# [Data to use]
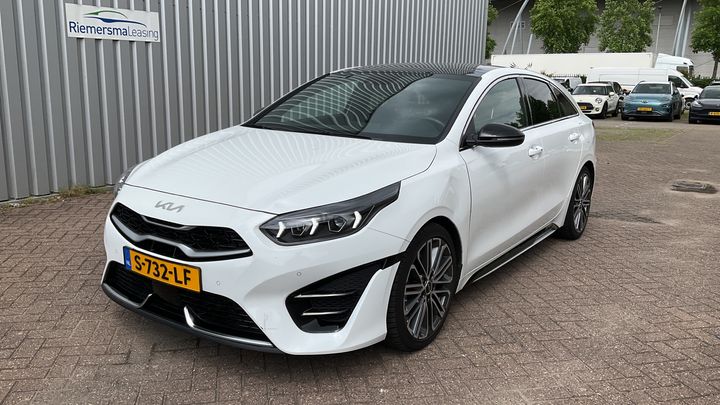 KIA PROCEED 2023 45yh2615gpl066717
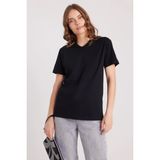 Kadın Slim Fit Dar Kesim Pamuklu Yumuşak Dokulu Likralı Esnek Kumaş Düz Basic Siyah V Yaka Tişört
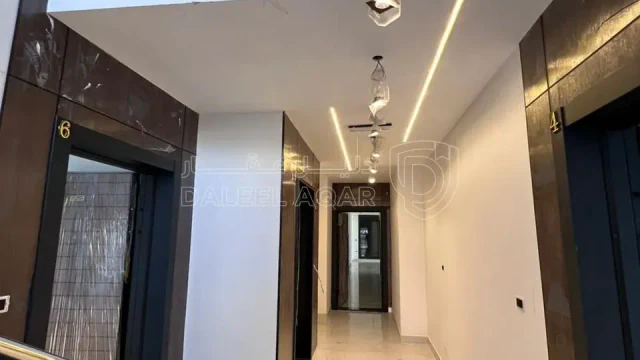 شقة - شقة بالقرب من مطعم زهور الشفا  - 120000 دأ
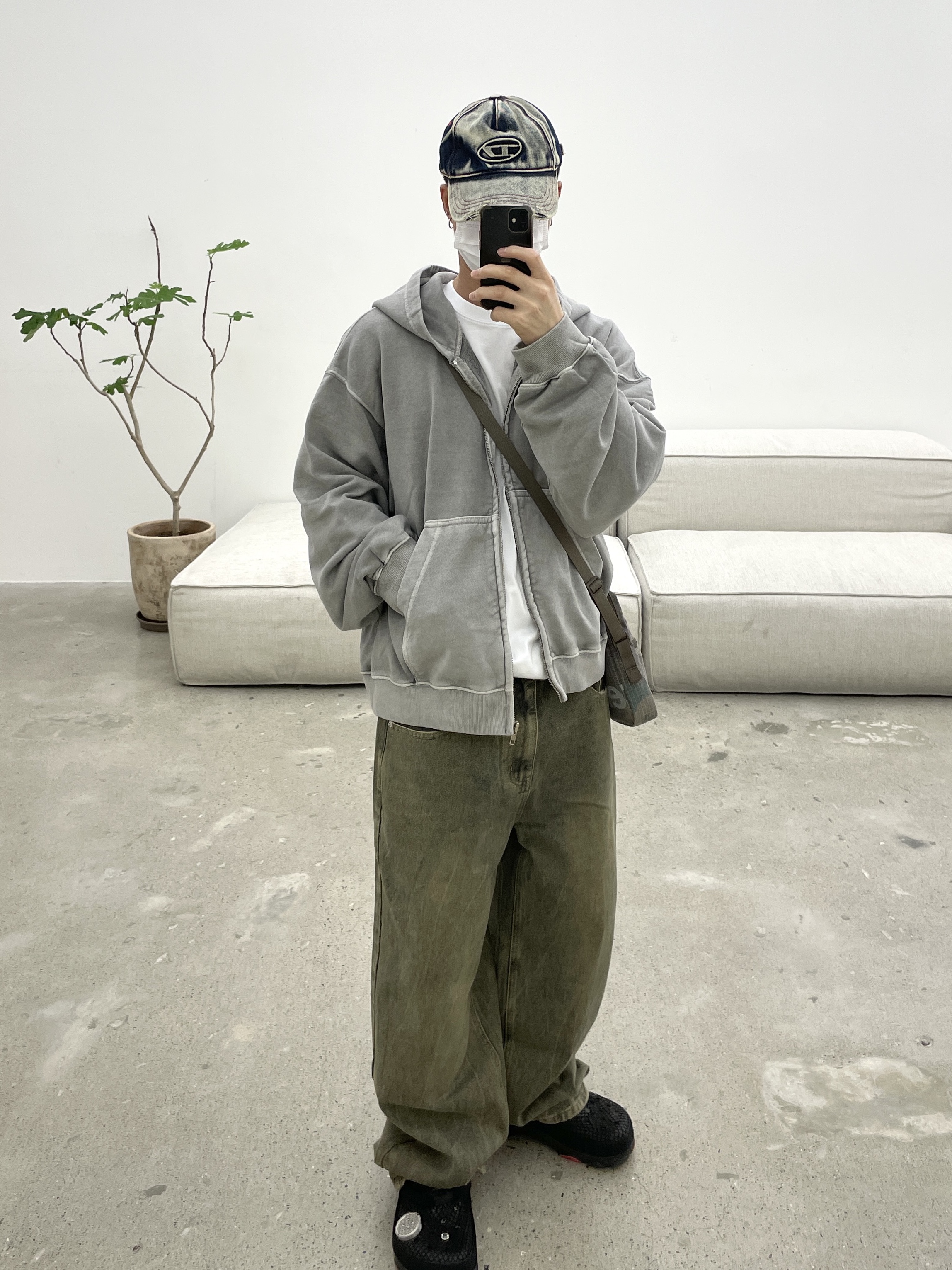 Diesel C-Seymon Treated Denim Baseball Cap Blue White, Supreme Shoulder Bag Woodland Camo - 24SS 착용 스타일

---

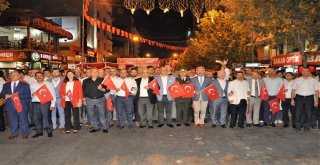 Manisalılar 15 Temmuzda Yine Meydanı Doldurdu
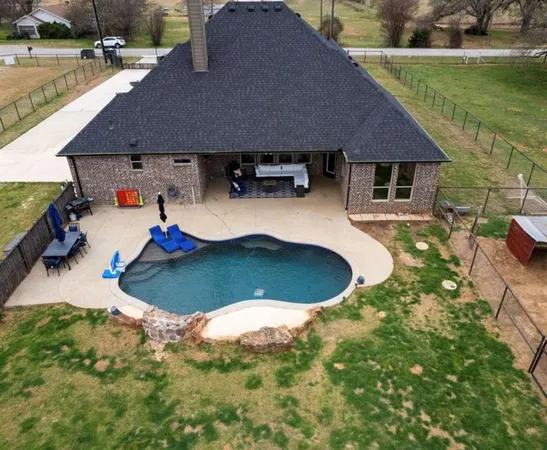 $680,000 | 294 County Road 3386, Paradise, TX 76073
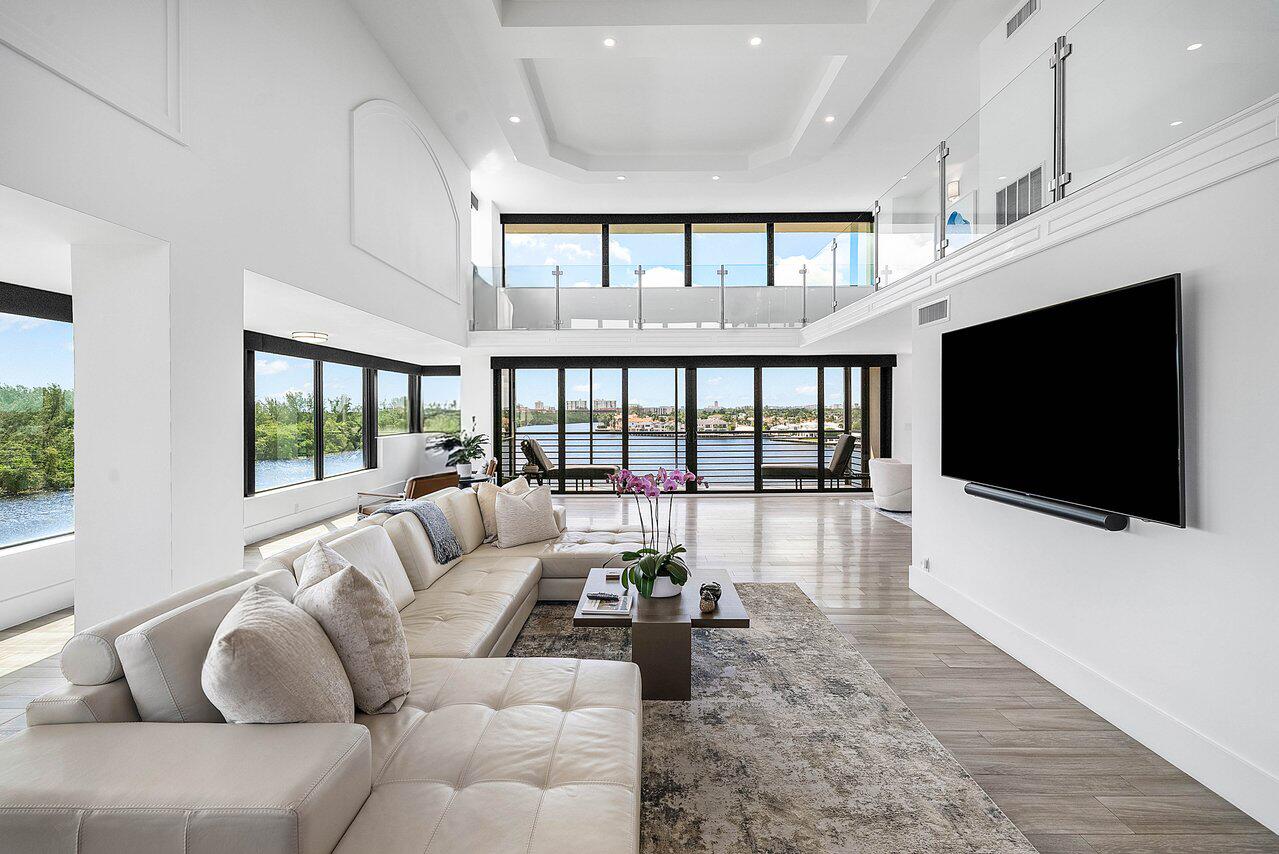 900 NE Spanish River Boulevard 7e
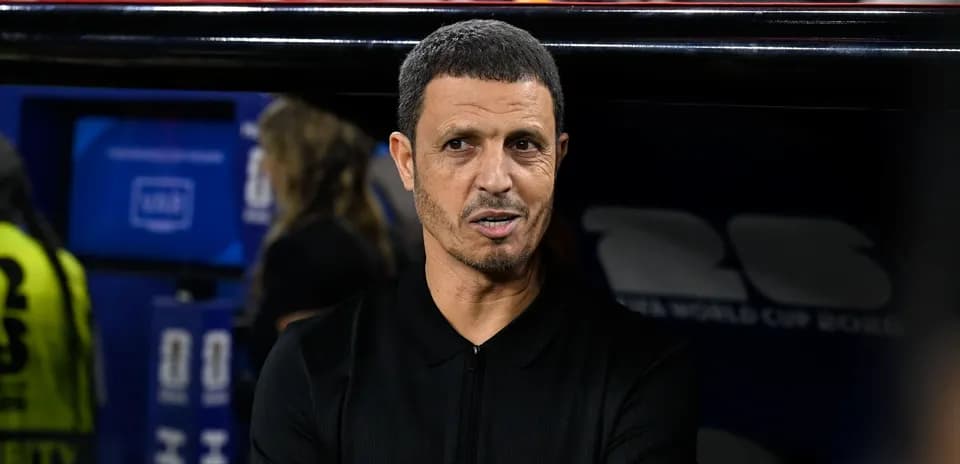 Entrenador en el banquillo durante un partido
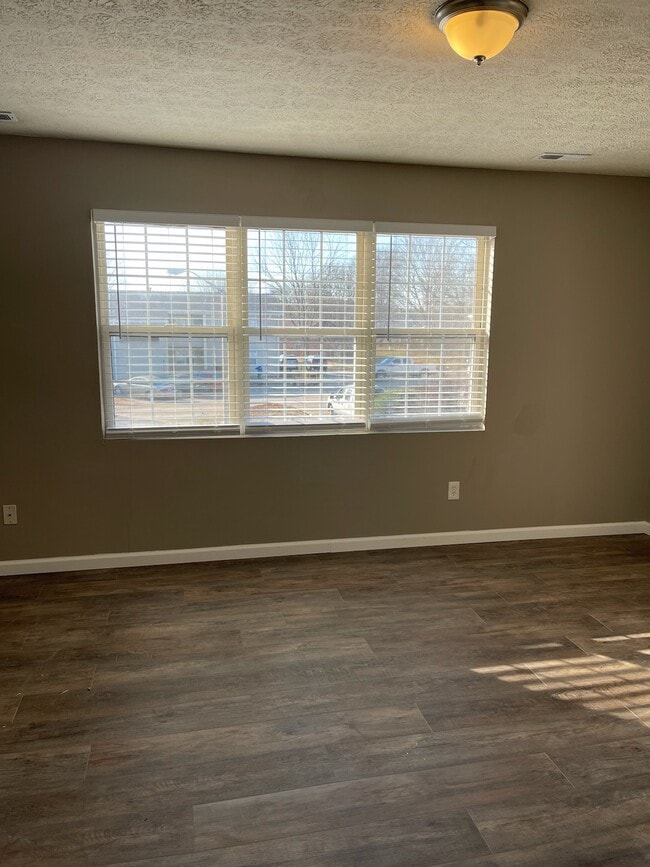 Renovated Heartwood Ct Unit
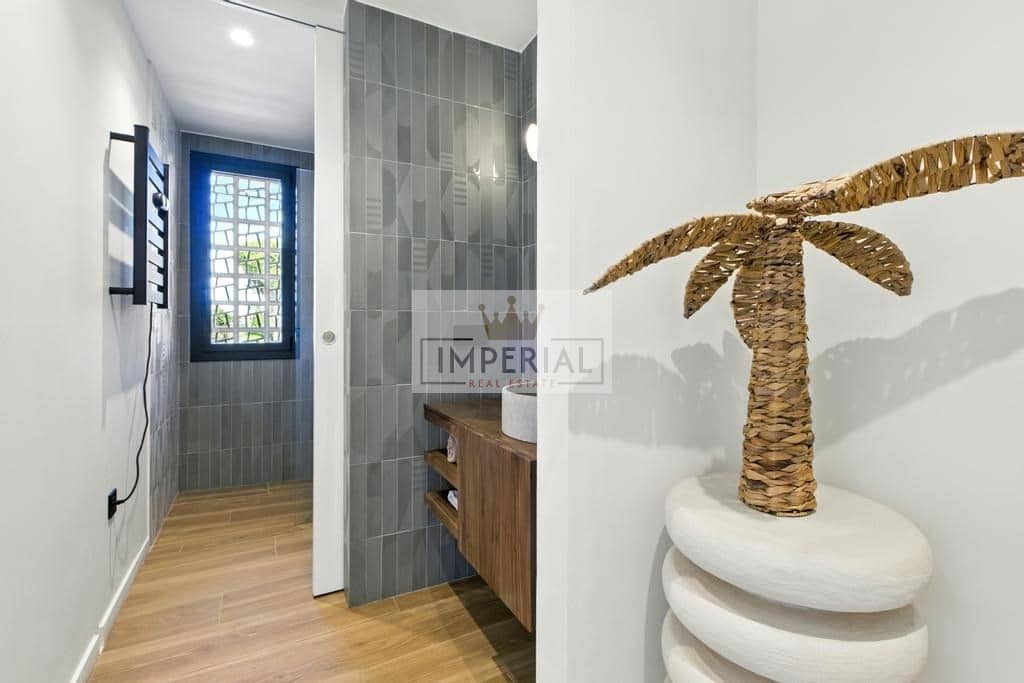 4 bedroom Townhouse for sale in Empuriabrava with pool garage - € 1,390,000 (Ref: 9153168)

==

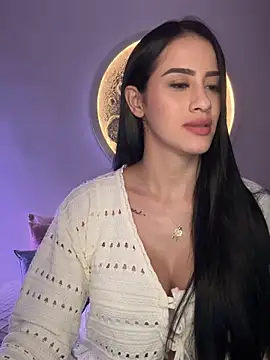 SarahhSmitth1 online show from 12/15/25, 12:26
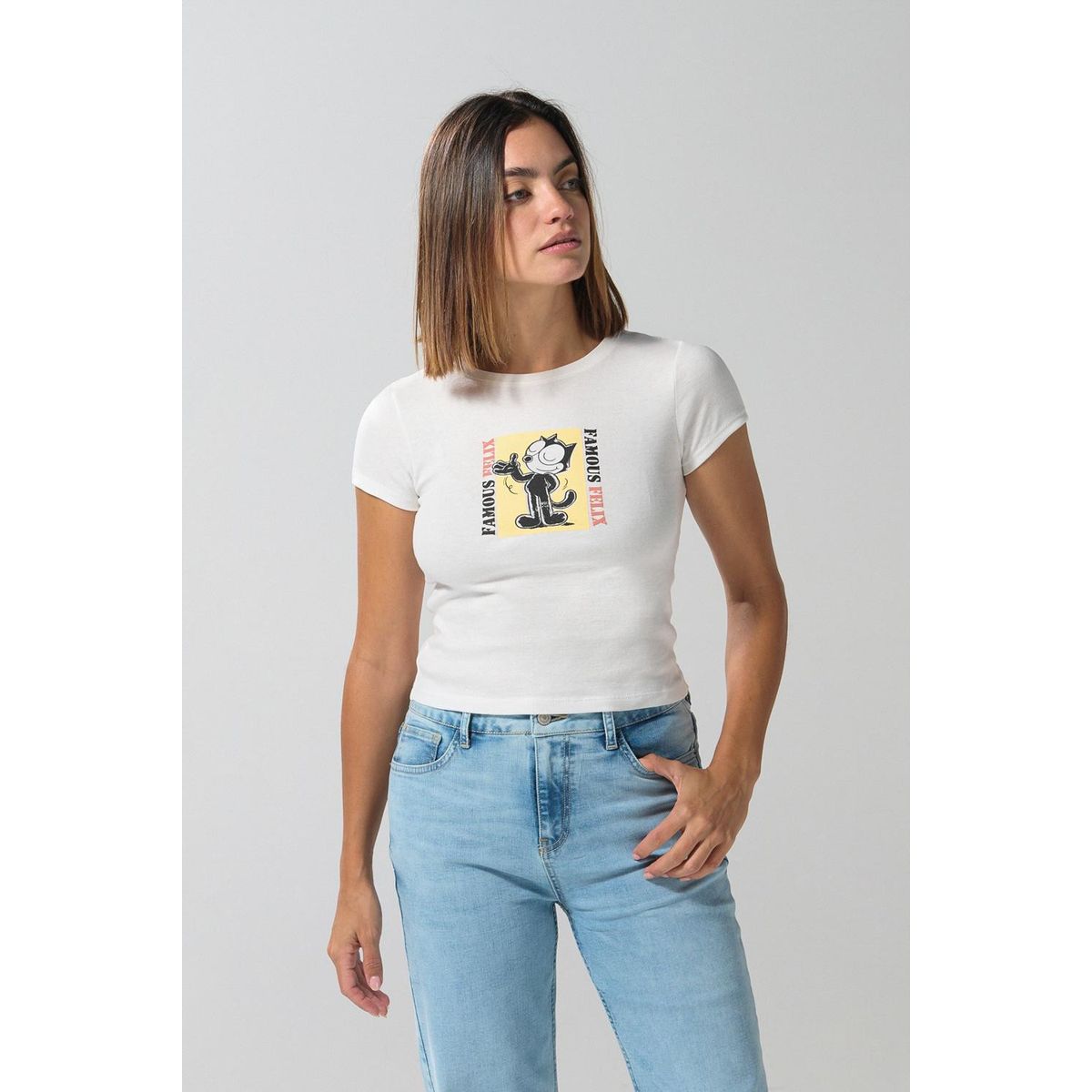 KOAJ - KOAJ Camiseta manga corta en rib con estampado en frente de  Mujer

# [Work order]
From the records above, copy exactly the lines starting at the one with "900 NE Spanish River Boulevard 7e" and ending at the one with "4 bedroom Townhouse", and no others. Pictures stay out.

# [Task response]
 900 NE Spanish River Boulevard 7e
 Entrenador en el banquillo durante un partido
 Renovated Heartwood Ct Unit
 4 bedroom Townhouse for sale in Empuriabrava with pool garage - € 1,390,000 (Ref: 9153168)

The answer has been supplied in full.